Schools See Funding Increase This Year, But May Lose Next Year

Good news for Armstrong school officials! According to Representative Jeff Pyle, the State will increase funding by over three percent this school year.

 

School officials are wiping perspiration from their brows following the announcement that state funding will increase for this year.

There was an increase in funding for basic, early childhood, and special education.

Armstrong School District will receive $46,781,629 (3.1% increase); Apollo-Ridge $12,079,541 (2.1% increase); Freeport $11,243,830 (3.1% increase; and Leechburg (2.3% increase).

State Representative Jeff Pyle (R-60th District) pointed out in his recent newsletter that Governor Tom Wolf has proposed that all future basic education funding go through a formula which legislators voted into law in 2016. This formula could cut state funding to rural schools by more than 50%.

State Representative Jesse Topper (R-78th District) has been very vocal within the Republican leadership in opposing Governor Wolf’s plan.

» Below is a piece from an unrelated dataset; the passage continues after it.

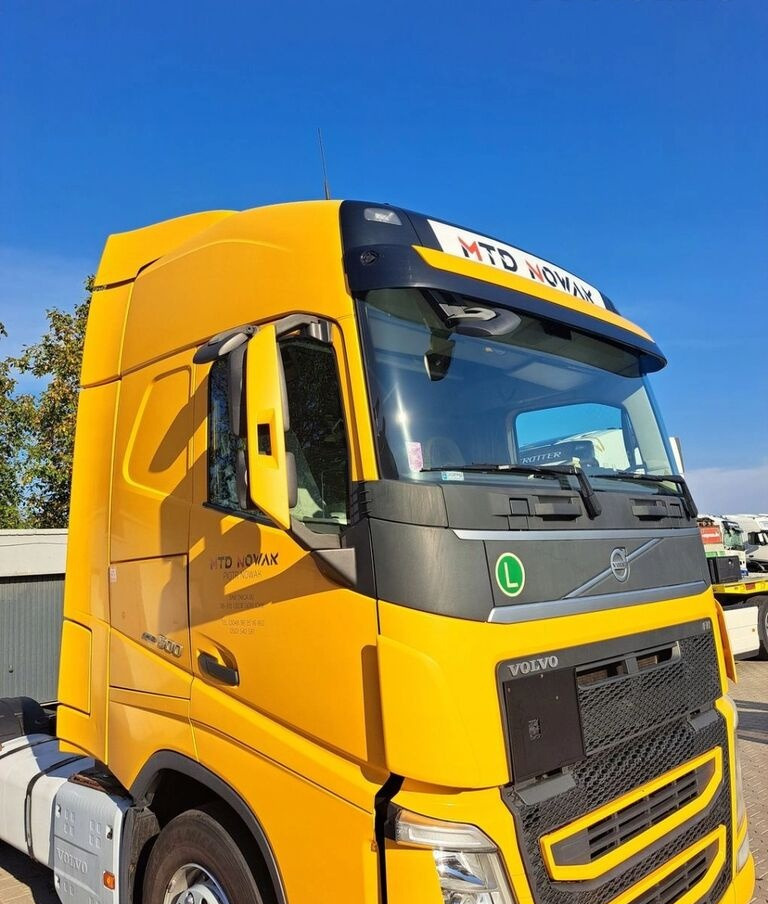 VOLVO KABINA KOMPLETNA VOLVO FH 4 EURO 6 GLOBETROTTER - Cab for Truck: picture 4 VOLVO KABINA KOMPLETNA VOLVO FH 4 EURO 6 GLOBETROTTER - Cab for Truck: picture 4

“When we passed the new funding formula, it said that all the new dollars allocated to education would go through the new funding formula. But there would be a baseline that you could not go under that. That was done to provide security for many rural districts. If funding would go lower than that baseline, we would be talking about closing many rural schools. The Governor has proposed to eliminate that baseline and wants all the money would go through this new system.”

For Armstrong School District, it could mean a decrease in funding by as much as 11% in the future.  Topper said it would leave 362 school districts in 44 counties with less funding.

“That’s about $2 billion. For many of these small rural school districts, the tax base isn’t there. You could raise taxes to the maximum allowed by law and still not cover the losses. Schools at the minimum would have staffing cuts, and at the most could go bankrupt.”

The larger populated school districts will benefit. Philadelphia schools would receive an additional $339 million annually if all the basic education money would go through the formula. Meanwhile, Pittsburgh could lose over $70 million.

“You really have to look at who is pushing for this,” Topper said. “The funding formula makes sense moving forward because some of the areas of the state are growing while others are not. However, the idea of making this retroactive would be disastrous. And to try to implement that immediately, I don’t see how you could reasonably do it and not have schools in Armstrong and this part of the state actually close.”